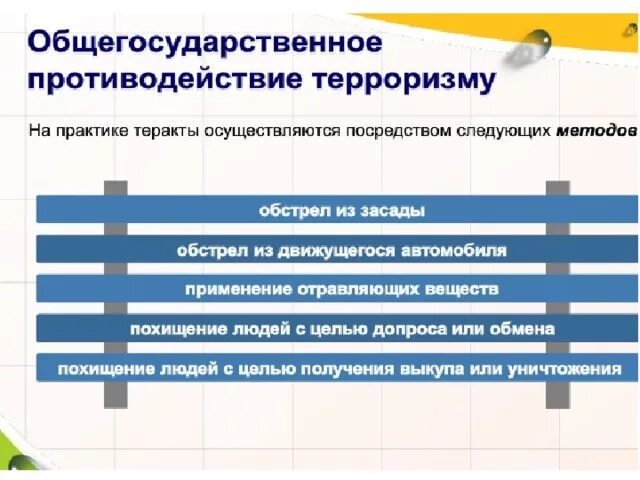 Общегосударственное противодействие терроризму обж 9. Общегосударственное противодействие терроризму. Схема направления противодействия терроризму. Методы противодействия терроризму. Пути противодействия терроризму.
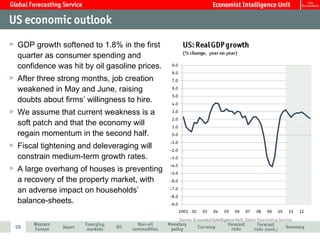 GDP growth softened to 1.8% in the first quarter as consumer spending and confidence was hit by oil gasoline prices. After three strong months, job creation weakened in May and June, raising doubts about firms’ willingness to hire.  We assume that current weakness is a soft patch and that the economy will regain momentum in the second half.  Fiscal tightening and deleveraging will constrain medium-term growth rates. A large overhang of houses is preventing a recovery of the property market, with an adverse impact on households’ balance-sheets.  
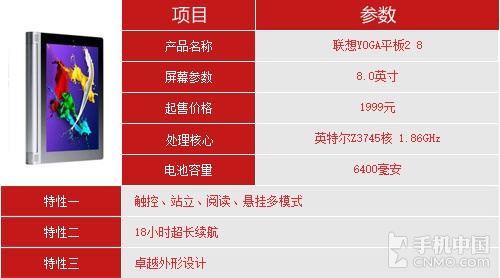 七強爭雄 2014小尺寸Android平板橫評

Exercise details: What you need to copy is the run of lines from the one holding "GDP growth softened" through the end of the data, exactly and only, both ends included, pictures omitted.

Exercise solution:
 GDP growth softened to 1.8% in the first quarter as consumer spending and confidence was hit by oil gasoline prices. After three strong months, job creation weakened in May and June, raising doubts about firms’ willingness to hire.  We assume that current weakness is a soft patch and that the economy will regain momentum in the second half.  Fiscal tightening and deleveraging will constrain medium-term growth rates. A large overhang of houses is preventing a recovery of the property market, with an adverse impact on households’ balance-sheets.  
 七強爭雄 2014小尺寸Android平板橫評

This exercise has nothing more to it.